Rick Salomon also made his way to the table on Day 3. If you’re unfamiliar with Mr. Salomon, he’s a bearded weirdo who became famous for his leaked sex tape with Paris Hilton and marrying crazy famous women such as Shannon Doherty and Pamela Anderson. He’s an entertaining player because he’s hyper-aggressive and is prepared to call anyone down with junk. The best hand of the day involved Salomon and Bellande. Salomon made a donk call in position on a queen-high flop with J-10 suited (no draw, no pair). He hit a runner-runner flush and won a massive pot against Bellande. You can imagine that Bellande’s reaction wasn’t pleasant.
Salomon isn’t a new-school player in terms of age (he’s 47), but he does play a similar style to the new-school breed. He is ultra-aggressive in position. It’s rare to see him fold to a bet on the flop even if he completely misses. He bluffs… a lot. He is aggressive pre- and post-flop and plays a lot of hands. The old-school poker mentality is quite a bit different.
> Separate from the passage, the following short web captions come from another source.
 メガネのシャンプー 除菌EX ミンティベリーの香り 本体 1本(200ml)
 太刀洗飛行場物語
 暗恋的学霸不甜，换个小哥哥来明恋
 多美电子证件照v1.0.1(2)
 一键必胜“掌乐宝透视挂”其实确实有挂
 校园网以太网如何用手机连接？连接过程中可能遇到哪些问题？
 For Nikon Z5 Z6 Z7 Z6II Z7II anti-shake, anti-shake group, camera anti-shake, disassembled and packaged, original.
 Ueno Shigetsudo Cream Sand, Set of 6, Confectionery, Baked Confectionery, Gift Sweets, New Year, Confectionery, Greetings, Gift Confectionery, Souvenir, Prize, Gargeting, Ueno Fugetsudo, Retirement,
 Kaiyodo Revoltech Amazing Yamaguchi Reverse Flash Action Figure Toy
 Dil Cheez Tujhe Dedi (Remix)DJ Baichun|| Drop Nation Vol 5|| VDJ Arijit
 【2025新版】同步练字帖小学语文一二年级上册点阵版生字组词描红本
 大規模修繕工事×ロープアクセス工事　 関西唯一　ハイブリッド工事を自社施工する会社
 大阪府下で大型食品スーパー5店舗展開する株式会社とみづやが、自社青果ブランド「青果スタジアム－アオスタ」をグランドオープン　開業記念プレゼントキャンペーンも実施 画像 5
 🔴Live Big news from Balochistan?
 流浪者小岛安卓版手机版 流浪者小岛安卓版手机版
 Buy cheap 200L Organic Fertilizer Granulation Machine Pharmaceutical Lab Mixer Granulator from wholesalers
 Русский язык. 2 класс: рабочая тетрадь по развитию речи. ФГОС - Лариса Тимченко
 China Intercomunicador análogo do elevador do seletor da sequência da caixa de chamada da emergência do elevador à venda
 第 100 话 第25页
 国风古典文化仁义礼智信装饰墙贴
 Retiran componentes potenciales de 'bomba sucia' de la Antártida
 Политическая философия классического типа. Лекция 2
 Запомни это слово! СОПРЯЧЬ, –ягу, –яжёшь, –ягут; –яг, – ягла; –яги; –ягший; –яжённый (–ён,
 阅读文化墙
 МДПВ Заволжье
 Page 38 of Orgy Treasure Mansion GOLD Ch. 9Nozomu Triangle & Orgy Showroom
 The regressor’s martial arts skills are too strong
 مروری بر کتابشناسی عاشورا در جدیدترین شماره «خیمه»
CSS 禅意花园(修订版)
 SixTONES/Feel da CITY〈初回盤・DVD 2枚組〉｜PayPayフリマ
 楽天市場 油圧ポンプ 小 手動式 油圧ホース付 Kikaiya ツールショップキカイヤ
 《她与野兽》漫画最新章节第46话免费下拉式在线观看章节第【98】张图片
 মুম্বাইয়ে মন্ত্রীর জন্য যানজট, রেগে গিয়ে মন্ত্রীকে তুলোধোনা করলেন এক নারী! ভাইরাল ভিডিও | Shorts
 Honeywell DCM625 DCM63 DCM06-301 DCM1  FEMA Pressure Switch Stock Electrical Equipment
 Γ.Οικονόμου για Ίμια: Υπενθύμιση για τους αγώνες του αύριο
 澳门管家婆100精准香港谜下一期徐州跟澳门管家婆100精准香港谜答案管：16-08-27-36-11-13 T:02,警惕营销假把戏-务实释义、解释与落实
That’s not to say the old-schoolers only played the nuts, but they were more selective pre-flop and didn’t call down light as much.
Intentional or Not, Poker Central’s Casting Was Perfect
I thought it was really cool to see the contrasting styles of play and personalities each day. I don’t know if Poker Central casted the tables intentionally or not, but it’s going to make for some epic television on their network this fall.
I caught snippets of the live stream on Twitch when I wasn’t watching live on the TV set at Aria. The commentary was solid, but viewers were unable to see hole cards. I know that this sort of ruined the enjoyment for many viewers. With that said, the beauty of episodic, professionally produced poker TV shows is that we’ll get to see the hole cards and play right along with the pros.
Mori Eskandani is producing the show and, based on his past history (Poker After Dark, High Stakes Poker), I know he’s going to get this right. I got to meet Mori on the set and he was very friendly and helpful. He even offered to help find me a good place to sit so that I could take pictures of the action, some of which I included here in my write-up.
Everyone at Poker Central and Aria have been super accommodating. It was exceptionally cool, as a poker fan, getting to watch these poker celebrities playing for millions of dollars right up close. I can’t wait to see it on television this fall, and I’m equally excited to watch the Aria Super High Roller Bowl… which has just started right as we’re publishing. I’ll check in with you guys again soon!